野田財務相は先月9日、国と地方を合わせた長期債務残高の対国内総生産(GDP)比が2011年度末に184%に達する日本の財政状況について「先進国の中で史上最悪」と指摘しました。また財務省は10日、国債や借入金などを合わせた「国の借金」総額が2010年末時点で919兆1511億円に達したと発表しています。



この問題への解決策として菅首相は「税と社会保障の一体改革」を提唱しています。
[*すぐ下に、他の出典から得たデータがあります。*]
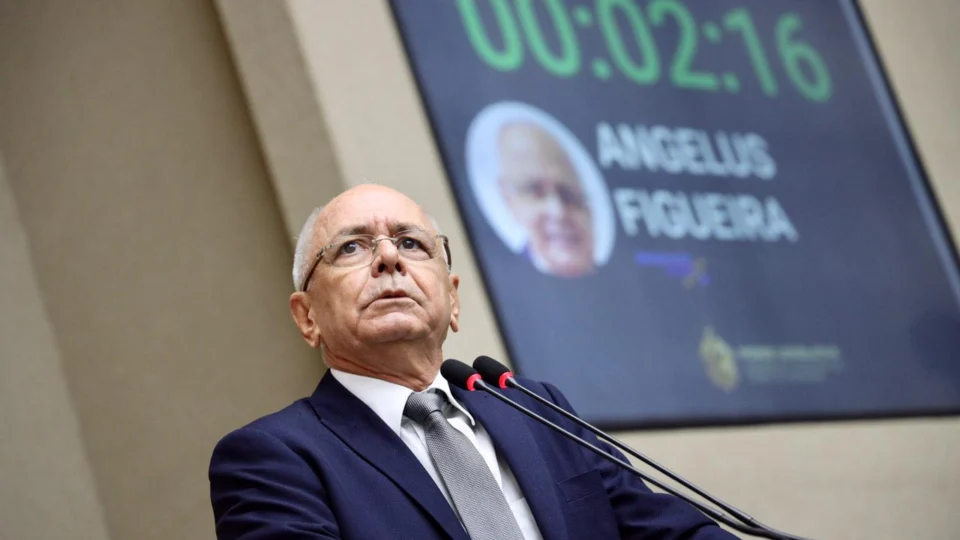 Deputado Estadual Angelus Figueira defende pessoas do interior do AM após acusações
ここには一般の予算の外側にある「特別会計」を含めて合算するという恐ろしい意図が隠されていますが、大多数の国民は気付いていないのではないでしょうか。

「日本国の運営費にはいくら必要か?」と問われたとき、いくらだと思うでしょうか。一般会計の予算が「92兆円」ですから、大体それと同等だと思う人が多いと思います。しかし、実際には全く違います。

一般会計には含まれない「特別会計」を合算し重複部分を排除したところ「日本国の運営費は約220兆円」という水準になりました。現在の日本の税収は約40兆円に過ぎませんから、全く足りません。単純に言えば、それゆえ国債を発行し無理矢理補っている、というのが現状です。
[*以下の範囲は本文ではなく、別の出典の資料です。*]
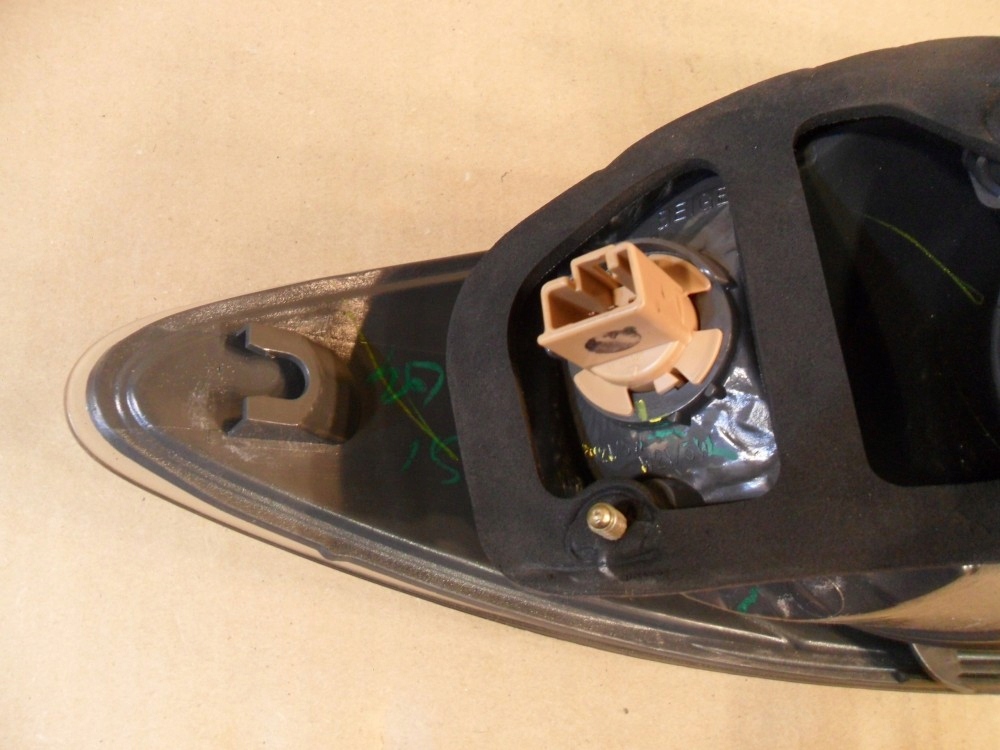 light rear left MAZDA 6 220-61974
しかも日本の場合、国債の償還に関して「60年償還ルール」が適用されているため、毎年約1.6%(1/60)ずつしか返済されていません。これは、元々道路など耐用年数・効用発揮期間が長い「建設国債」にのみ認めていたルールを、1985年度から「赤字国債」にも適用したからです。

10年物の新規国債を発行した場合でも、10年後の償還時には「全体の1/6(1/60×10年間)分の金額」だけ返済し、不足する金額は「借換債」を発行して借り換えを行うのです。これを延々と繰り返し、国債の償還(借金の返済)を60年先送りしていくという仕組みです。

約900兆円の債務に対して毎年1.6%しか返済せず、利払いは続いていきます。この状況の中で約220兆円の日本国の運営費を捻出するためには、最低でも40兆円の税収を2倍にするくらいのことは必要でしょう。

あるいは、コストを半分にするという方法もあります。約220兆円のうち、最も大きなコスト負担になっているのは約35%を占める「国債の利払・償還」です。これを削るのが最も簡単な解決策ですが、それは「国債の利払いをしない、償還をしない」=「日本国債のデフォルト」を意味します。

もしそうなりたくないなら、社会保障を諦めるしかないと私は思っています。「社会保障を充実させて」などと言っている人がいますが、それならば「社会負担」を現在の2倍程度にして欧州並みにすることが大前提です。その覚悟が国民にはないでしょうし、何より致命的なのは政治家の中にさえ本気でその覚悟ができている人はいない、ということです。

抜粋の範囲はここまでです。